Academic integrity is a basic guiding principle for all educational activities at SUNM and all members of the community are expected to adhere to this principle. Specifically, academic integrity is the pursuit of educational activity in an open, honest, and responsible manner. It includes a commitment not to engage in or tolerate acts of falsification, misrepresentation, or deception. These acts include plagiarism defined as “trying to pass work of another off as your own”. Acting in an unethical manner in either the online classroom or in person clinical setting may lead to dismissal from the program. Such acts violate the fundamental ethical principles of SUNM community and undermine the efforts of others. A student accused of academic dishonesty will either accept the accusation made by a faculty member or request a hearing before the Academic Integrity Ad Hoc Committee, who will make a decision on the accusation of academic dishonesty. In addition to academic sanctions imposed by the faculty, students found guilty of academic dishonesty also face consequences from the Academic Integrity Ad Hoc Committee ranging from attending a mandatory class in ethics to expulsion from SUNM.
Academic Dishonesty: Any of the following acts, when committed by a student at SUNM shall constitute academic dishonesty.
Cheating: Cheating is defined as using unauthorized materials or receiving unauthorized assistance during an examination or other academic exercise. Examples of cheating include: copying the work of another student during an examination or other academic exercise (includes computer programming), or permitting another student to copy one’s work; taking an examination for another student or allowing another student to take one’s examination; possessing unauthorized notes, study sheets, examinations, or other materials during an examination or other academic exercise; collaborating with another student during an academic exercise without the Faculty’s consent; and/or falsifying examination results.
Plagiarism: Plagiarism is defined as the use of another’s ideas or words without appropriate acknowledgement.
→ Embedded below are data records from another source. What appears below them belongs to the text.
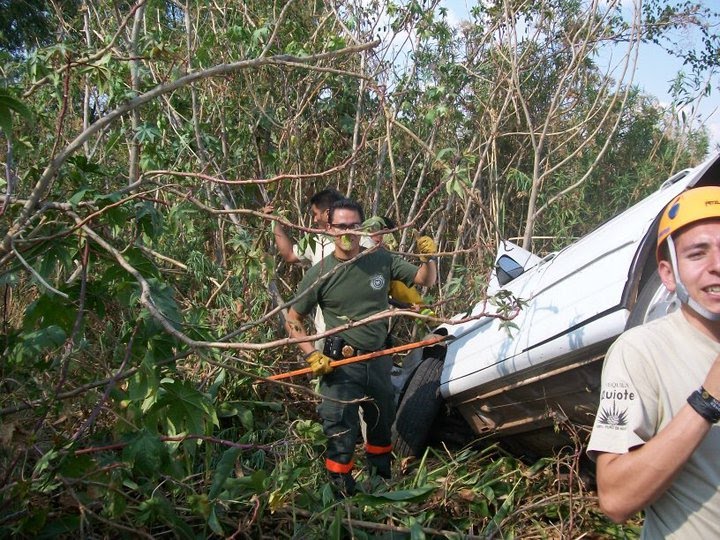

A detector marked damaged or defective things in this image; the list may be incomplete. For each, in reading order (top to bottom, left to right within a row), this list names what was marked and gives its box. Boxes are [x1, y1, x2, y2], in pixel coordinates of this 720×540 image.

crashed vehicle [390, 152, 720, 460]
overturned white car [390, 152, 720, 460]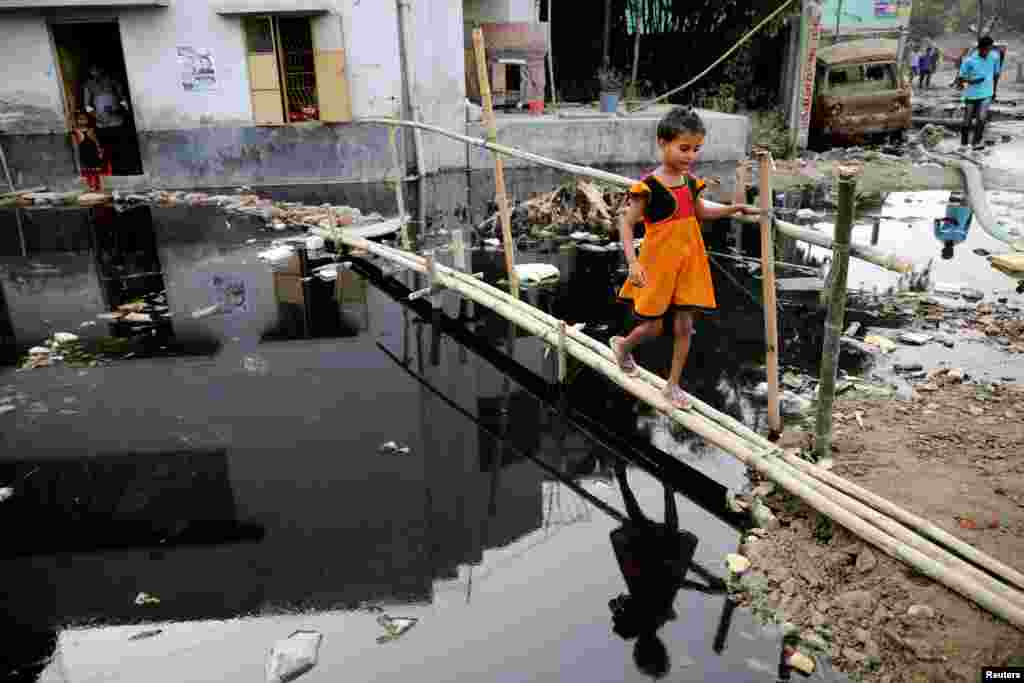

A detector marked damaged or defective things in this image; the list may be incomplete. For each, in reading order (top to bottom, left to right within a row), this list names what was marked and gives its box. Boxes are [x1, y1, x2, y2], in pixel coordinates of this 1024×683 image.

rusted truck [811, 38, 917, 147]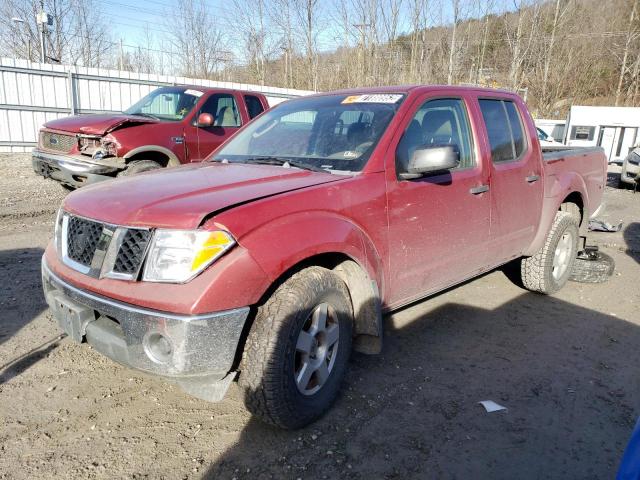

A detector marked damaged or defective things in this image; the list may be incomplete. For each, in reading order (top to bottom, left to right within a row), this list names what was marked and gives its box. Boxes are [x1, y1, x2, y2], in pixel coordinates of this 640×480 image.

crumpled front bumper [32, 149, 121, 188]
damaged ford pickup [42, 85, 608, 428]
crumpled front bumper [40, 258, 250, 402]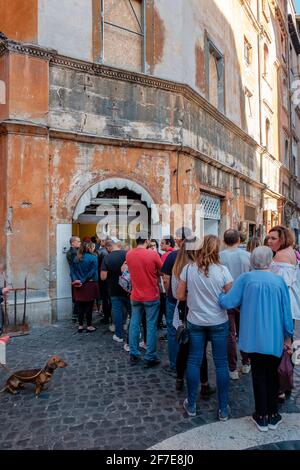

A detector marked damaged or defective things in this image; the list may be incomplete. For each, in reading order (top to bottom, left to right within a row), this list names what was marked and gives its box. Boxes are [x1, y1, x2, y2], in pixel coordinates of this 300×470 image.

peeling plaster wall [38, 0, 92, 62]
Examples of plagiarism include: failing to use quotation marks when directly quoting from a source; failing to document distinctive ideas from a source; fabricating or inventing sources; and copying information from computer-based sources, i.e., the Internet.
Unauthorized Possession or Disposition of Academic Materials: Unauthorized possession or disposition of academic materials may include: selling or purchasing examinations, papers, reports or other academic work; taking another student’s academic work without permission; possessing examinations, papers, reports, or other assignments not released by any faculty; and/or submitting the same paper for multiple classes without advance faculty authorization and approval.
Copyright Infringement: Dissemination, by electronic or paper means, of copyrighted material for use other than limited scholarly critique is an infringement of U.S. Copyright law and a violation of the Honor Code.
Fabrication: Falsification or creation of data, research or resources, or altering graded work without the prior consent of the course faculty.
Aid of Academic Dishonesty: Intentionally facilitating plagiarism, cheating, or fabrication.
Lying: Deliberate falsification with the intent to deceive in written or verbal form as it applies to academic submission.
Bribery: Providing, offering, or taking rewards in exchange for a grade, an assignment, or the aid of academic dishonesty.
Threat: An attempt to intimidate a student, staff, or faculty member for the purpose of receiving an unearned grade or in an effort to prevent the reporting of an Academic Integrity violation.
Violations: Violations of Academic Integrity are acts of academic dishonesty and include but are not limited to: plagiarism, cheating, copyright infringements, fabrication, aid of academic dishonesty, lying to course faculty, lying to representatives of the Academic Integrity Ad Hoc Committee, bribery or threats pertaining to academic matters, or an attempt to do any of the aforementioned violations. A student accused of academic dishonesty will either accept the accusation made by a faculty member or request a hearing before the Academic Integrity Ad Hoc Committee, who will make a decision on the accusation of academic dishonesty. In addition to academic sanctions imposed by the faculty, students found guilty of academic dishonesty also face consequences from the Academic Integrity Ad Hoc Committee ranging from attending a mandatory class in ethics to expulsion from SUNM.